- Horacio Pagani and his premium super sport cars
How to define this 63-year-old Argentinian who said: "Leonardo Da Vinci taught me that art and science can go hand in hand"? For a Pagani Zonda HP Barchetta - of which he only made three – they paid 15 million euros.
He always dreamed of making cars, but not just any car, but "the best and cutest car in the world." He said this to engineer Giulio Alfieri, director of Lamborghini, at the beginning of the eighties. Then he was 26 years old.
At the age of 12 he made models of sports cars with balsa wood and cuttings of chocolate cans. Had he already decided what he was going to do? At age 13 he told his mother: "I'm going to design and build my own cars."

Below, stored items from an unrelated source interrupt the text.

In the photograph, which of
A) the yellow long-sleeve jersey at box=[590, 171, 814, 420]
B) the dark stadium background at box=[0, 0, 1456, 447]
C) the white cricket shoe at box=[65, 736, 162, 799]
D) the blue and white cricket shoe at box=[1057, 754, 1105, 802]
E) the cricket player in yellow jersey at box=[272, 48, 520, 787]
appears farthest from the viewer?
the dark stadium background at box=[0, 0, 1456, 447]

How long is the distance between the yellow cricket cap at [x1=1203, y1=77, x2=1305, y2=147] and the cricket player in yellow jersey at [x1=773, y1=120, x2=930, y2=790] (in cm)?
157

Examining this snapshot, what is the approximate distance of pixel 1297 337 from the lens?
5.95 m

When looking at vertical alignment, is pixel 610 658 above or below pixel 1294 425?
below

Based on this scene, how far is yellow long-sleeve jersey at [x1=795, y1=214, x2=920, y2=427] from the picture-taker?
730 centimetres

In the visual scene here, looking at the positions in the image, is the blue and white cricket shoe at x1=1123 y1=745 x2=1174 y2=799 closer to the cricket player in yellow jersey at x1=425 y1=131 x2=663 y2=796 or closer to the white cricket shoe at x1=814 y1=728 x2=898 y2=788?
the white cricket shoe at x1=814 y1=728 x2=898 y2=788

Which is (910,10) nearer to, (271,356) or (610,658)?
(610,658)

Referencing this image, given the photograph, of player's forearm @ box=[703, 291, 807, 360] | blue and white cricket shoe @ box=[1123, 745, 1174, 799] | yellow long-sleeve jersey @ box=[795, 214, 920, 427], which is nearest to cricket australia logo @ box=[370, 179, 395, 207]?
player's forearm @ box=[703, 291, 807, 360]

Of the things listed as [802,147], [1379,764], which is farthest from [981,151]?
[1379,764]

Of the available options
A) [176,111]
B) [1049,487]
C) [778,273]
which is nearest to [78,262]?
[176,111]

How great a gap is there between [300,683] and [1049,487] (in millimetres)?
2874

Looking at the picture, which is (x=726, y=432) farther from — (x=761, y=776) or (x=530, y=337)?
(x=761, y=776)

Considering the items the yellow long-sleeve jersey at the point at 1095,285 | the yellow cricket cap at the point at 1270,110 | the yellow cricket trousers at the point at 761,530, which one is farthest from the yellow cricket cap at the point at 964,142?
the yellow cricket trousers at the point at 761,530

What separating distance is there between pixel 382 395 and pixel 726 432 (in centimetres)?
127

At age 15, he built a motorcycle with which he rode through Casilda, his hometown. Then he moved to La Plata to study Fine Arts and, at the same time, took some engineering courses. At age 23, he made a Formula 2 car that competed in the official Renault team.

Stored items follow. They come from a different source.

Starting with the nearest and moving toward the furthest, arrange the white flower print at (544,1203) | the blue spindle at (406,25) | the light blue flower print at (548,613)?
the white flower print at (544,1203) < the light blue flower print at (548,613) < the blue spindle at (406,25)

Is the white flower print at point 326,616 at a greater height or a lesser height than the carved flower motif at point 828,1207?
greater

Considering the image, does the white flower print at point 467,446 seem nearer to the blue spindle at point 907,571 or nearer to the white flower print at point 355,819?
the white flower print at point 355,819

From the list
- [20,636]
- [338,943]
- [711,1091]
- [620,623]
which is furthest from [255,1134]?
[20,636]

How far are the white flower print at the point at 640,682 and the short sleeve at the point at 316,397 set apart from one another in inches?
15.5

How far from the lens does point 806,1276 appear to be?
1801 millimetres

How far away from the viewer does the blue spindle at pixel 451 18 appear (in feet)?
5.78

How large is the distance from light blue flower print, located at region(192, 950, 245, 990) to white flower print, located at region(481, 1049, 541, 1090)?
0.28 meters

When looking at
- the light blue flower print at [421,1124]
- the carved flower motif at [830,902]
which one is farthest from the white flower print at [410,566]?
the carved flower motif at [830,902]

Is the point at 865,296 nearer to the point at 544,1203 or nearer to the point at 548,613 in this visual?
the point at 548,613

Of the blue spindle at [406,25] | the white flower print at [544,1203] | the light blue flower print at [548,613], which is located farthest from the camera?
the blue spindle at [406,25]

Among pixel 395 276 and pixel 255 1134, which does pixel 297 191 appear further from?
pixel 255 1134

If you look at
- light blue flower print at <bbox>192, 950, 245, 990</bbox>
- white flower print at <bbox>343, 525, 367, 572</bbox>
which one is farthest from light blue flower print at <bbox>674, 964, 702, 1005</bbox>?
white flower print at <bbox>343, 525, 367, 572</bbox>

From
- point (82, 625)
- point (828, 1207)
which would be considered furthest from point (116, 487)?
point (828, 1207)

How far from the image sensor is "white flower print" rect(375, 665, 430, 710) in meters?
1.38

His mentor Oreste Berta, a famous racing cars coach, took him to meet Juan Manuel Fangio, who at the time was the president of Mercedes-Benz Argentina. Fangio listened to his projects and wrote five letters to the leading manufacturers of Italian sports cars.
Ferrari ignored him, but Lamborghini did pay attention to him and he started there as a third-level worker. The following year he was responsible for the entire body part in the Italian automaker. At that time he began to do tests with carbon fiber, a very novel material in those times.
At Lamborghini they did not want to buy the autoclave and Pagani asked for a loan, bought it and took it to his private workshop. Fangio told him to make his own car. Thus, in 1993, he began the construction of the Pagani Zonda, which he exhibited at the Geneva Motor Show (1999). And so the legend began.
Horacio Pagani is loved and admired in his native Casilda, where he goes every year in one of his sports cars. In 2012 he founded a School of Design in Santa Fe under the precepts of Leonardo Da Vinci: art and science.